During a live broadcast of Raw on June 27, CM Punk sat cross-legged on the entrance ramp in a vintage “Stone Cold” Steve Austin T-shirt and delivered a monologue that has become the sports-entertainment equivalent of William Wallace’s speech to the war weary Scots at the end of “Braveheart.” A pointed, stirring battle cry that both indicted the enemy and roused the people, the call to arms led legions of WWE fans to unite under one word — change.
Frustrated with the direction of an industry he’s loved his entire life, The Straight Edge Superstar wanted to see a younger generation take charge and in the weeks since his incendiary rant he fought an uphill battle to make it happen.
At WWE TLC, the “change” Punk spoke about finally began to take shape. On that night in Baltimore, not only did Punk successfully defend his WWE Championship in a thrilling main event, but Zack Ryder grabbed the United States Championship and Daniel Bryan won the World Heavyweight Title.
Something was stirring in WWE and Punk could feel it.

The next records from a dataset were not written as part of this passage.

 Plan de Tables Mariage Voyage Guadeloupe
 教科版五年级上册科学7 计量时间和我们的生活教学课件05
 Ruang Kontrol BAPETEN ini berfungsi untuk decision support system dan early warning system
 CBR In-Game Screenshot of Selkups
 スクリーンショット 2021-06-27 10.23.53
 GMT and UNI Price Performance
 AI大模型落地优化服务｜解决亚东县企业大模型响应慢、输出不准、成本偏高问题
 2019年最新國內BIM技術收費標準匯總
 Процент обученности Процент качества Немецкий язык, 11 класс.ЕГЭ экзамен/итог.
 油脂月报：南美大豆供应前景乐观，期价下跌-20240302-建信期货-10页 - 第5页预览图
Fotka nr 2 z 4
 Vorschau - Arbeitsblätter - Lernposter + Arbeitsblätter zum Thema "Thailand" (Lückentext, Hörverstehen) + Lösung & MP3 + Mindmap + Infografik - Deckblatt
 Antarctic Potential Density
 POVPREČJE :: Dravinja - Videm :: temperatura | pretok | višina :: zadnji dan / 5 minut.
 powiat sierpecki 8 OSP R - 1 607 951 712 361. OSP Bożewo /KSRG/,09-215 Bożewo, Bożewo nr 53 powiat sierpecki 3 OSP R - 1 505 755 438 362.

It was an emotion he expressed bluntly on Twitter:
Pale and unshaven with a hood yanked over his sleepless eyes, CM Punk may not look like the new face of WWE, but the face is the least distinctive element of this champion’s appearance. What sets The Straight Edge Superstar apart from Hulk Hogan, Bob Backlund, John Cena and every other well muscled American man that’s carried sports-entertainment’s most coveted title is his alternative appeal — the garage rock aesthetic, the blue jean and black hoodie uniform, the arms as illustrated as the rack in a comic book store.
No matter how hard they tried to convince you otherwise, WWE Champions have rarely been cool. Bret Hart’s Michael Jackson-inspired pink leather jackets with military epaulets weren’t cool, Hulk Hogan’s Fu Manchu mustache and wispy golden hair weren’t cool and John Cena’s jean shorts and low tops were definitely not cool. The Rock and “Stone Cold” Steve Austin were cool, but in a way that was completely foreign to the average WWE fan. They were action heroes, larger-than-life caricatures that always knew the right thing to say to the bad guy before they offed him.
CM Punk is not larger-than-life, but that’s exactly his appeal. He’s as real as it gets. He likes ice cream and Kurt Russell movies. He used to post pictures on his Twitter of oozing cheese pizzas he’d devour entirely, one would assume, by himself. He can dislocate a man’s arm with his bare hands, but that doesn’t stop him from staying up all night reading graphic novels. He’s flawed, frustrated and in love with professional wrestling — the type of guy a WWE fan can relate to.
Zack Ryder is much the same. A young Superstar who had early success as Edge’s lackey in 2006, he floundered in preliminary matches for the remainder of the decade before building his own fanbase through social media. By urging fans to like him on Facebook and follow him on Twitter during his self-produced YouTube show, “Z! True Long Island Story,” the kid from the L.I. started what he called the “Ryder Revolution” — a grassroots campaign to get the attention of WWE. What started with a Flip camera in Ryder’s roommate’s bedroom soon became a national phenomenon. Before long, WWE fans were pumping giant foam fists and wearing spiked hair wigs as they cheered Long Island Iced-Z to a United States Title victory over Dolph Ziggler at WWE TLC.
Daniel Bryan may be the most unlikely success story of them all. A humble, 200-pound phenom from Aberdeen, Washington, the submission expert wrestled his way across the globe for a decade, earning repute as one of the world’s greatest technicians in the process. He even locked up with CM Punk in armories on the east coast when the two were standouts on the indies. But, in spite of being trained by Shawn Michaels and William Regal, Bryan never fit the preconception of what a World Champion should be. He’s pale, he doesn’t eat meat, you won’t see him riding in a limo or a leer jet and his shoes probably don’t cost more than your house.
Still, at WWE TLC, Daniel Bryan became the World Heavyweight Champion by cashing in his Money in the Bank briefcase and pinning Big Show. Suddenly, two competitors who learned their craft in the dingy gymnasiums of the independent wrestling scene were WWE’s top titleholders and a hardworking Broski was right there with them. The following night on Raw, the three Superstars stood triumphantly in the ring with their titles in hand and the WWE Universe completely behind them.
Six months removed from Punk’s sermon on the mount, change had come.